## What you have to do
Only lines, not pictures: please repeat exactly the lines from the one with "Correa de reloj con" through the end of the listing.

## Stored data
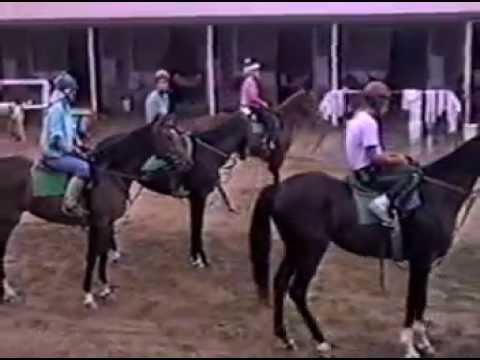 Whittingham Stable at San Luis Rey Downs, with Bob St Cyr 1986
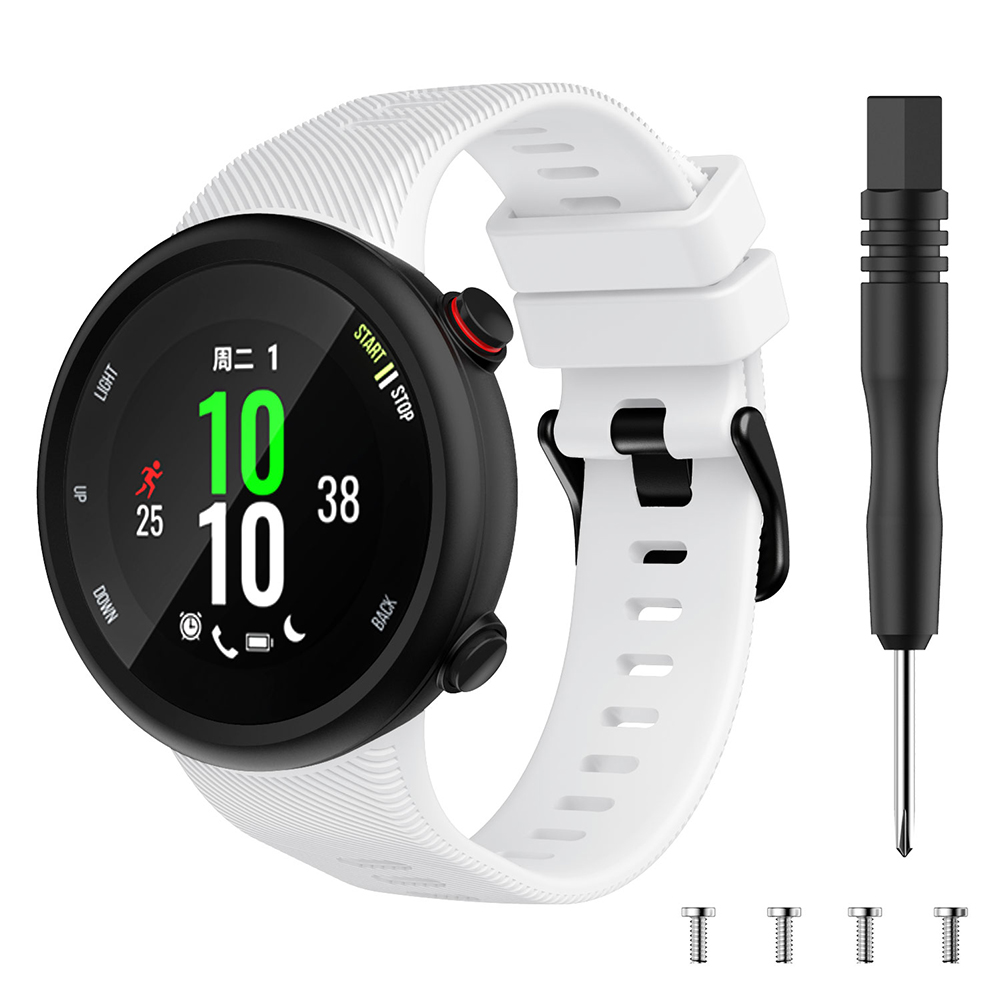 Correa de reloj con herramienta para Garmin Forerunner 45 45S Garmin Swim 2, repuesto de silicona, accesorios para correa de reloj inteligente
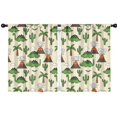 thumbnail image 1 of Blackout Kids Curtains,Beige Cartoon Dinosaurs Volcanoes Cacti Pattern Childrens Insulated Curtains Set Of 2,Bedroom Essentials,Toddler Room Decor 42"x54", 1 of 5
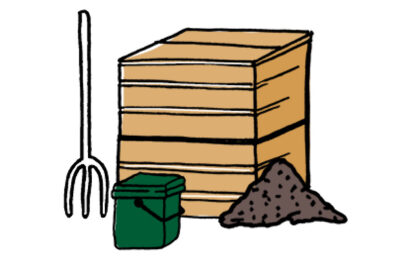 Dessin composteur avec seau - Agrandir l'image, fenêtre modale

## Reply to the exercise
 Correa de reloj con herramienta para Garmin Forerunner 45 45S Garmin Swim 2, repuesto de silicona, accesorios para correa de reloj inteligente
 thumbnail image 1 of Blackout Kids Curtains,Beige Cartoon Dinosaurs Volcanoes Cacti Pattern Childrens Insulated Curtains Set Of 2,Bedroom Essentials,Toddler Room Decor 42"x54", 1 of 5
 Dessin composteur avec seau - Agrandir l'image, fenêtre modale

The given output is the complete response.